Der Turner Prize zählt zu den renommier­testen Kunstpreisen in Europa. Er wird seit 1984 jährlich an eine Künstlerin oder einen Künstler verliehen, die oder der in den zwölf Monaten vor der Nominierung durch eine herausragende Ausstellung oder sonstige Präsentation auffällig geworden und in Groß­britannien geboren oder wohnhaft ist.

Die Shortlist-Ausstellung mit den je vier Nominierten ist im jährlichen Wechsel in der Londoner Tate Britain und einem anderem Museum der Insel zu Hause. Dotiert ist der Turner Prize mit ₤25.000 für den Gewinner und mit ₤5.000 für jeden Nominierten. Der oder die Gewinnerin wurde am 5. Dezember bekannt gegeben.

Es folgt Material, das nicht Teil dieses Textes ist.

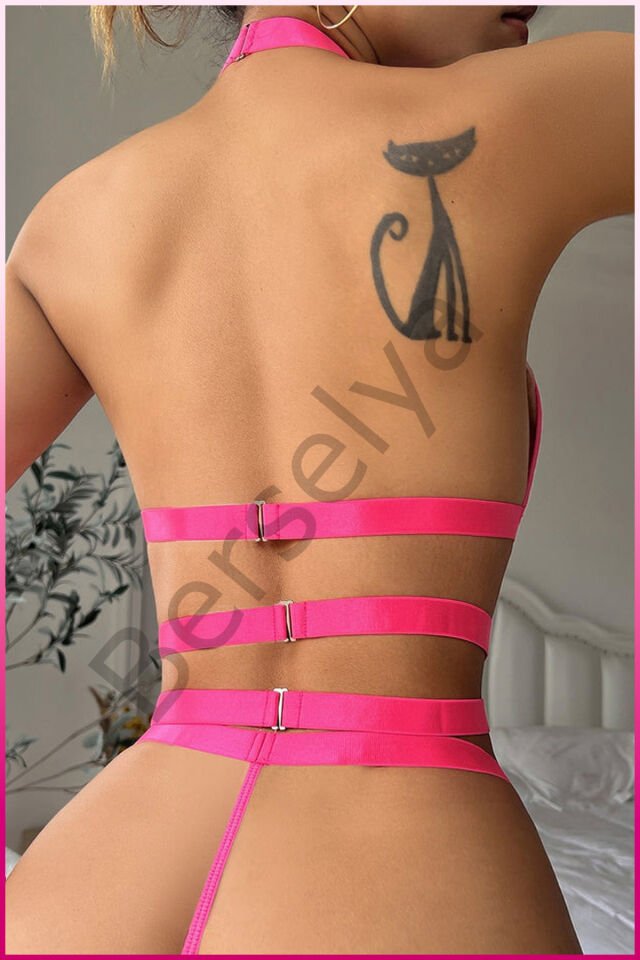 Fuşya Dantel Kalp Detaylı Zincirli Seksi İç Giyim Seti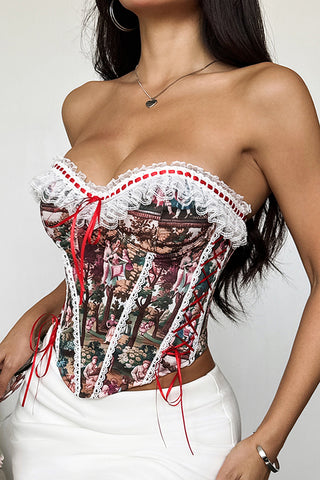 Romantic Lace Trim Corset Top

Zu den früheren Preisträgern zählen Susan Philipsz (2010), Tomma Abts (2006), Wolfgang Tillmans (2000), Douglas Gordon (1996), Damien Hirst (1995), Anish Kapoor (1991), Richard Long (1989), Tony Cragg (1988), Gilbert and George (1986).

Zur Ausstellung der Shortlist ist eine kleine Broschüre erschienen, die für ₤5,00 zu haben ist (zwei Pfund weniger als im Vorjahr) und auf 46 Seiten ein paar, nur zum Wieder­erkennen geeignete Abbildungen sowie Informationen zu Werken und Künstler­innen enthält.

Turner Prize 2017. Hurvin Anderson, Andrea Büttner, Lubaina Himid, Rosalind Nashashibi. K: Sacha Craddock, George Vasey. Hull, Ferens Art Gallery, 26. September 2017 – 7. Januar 2018.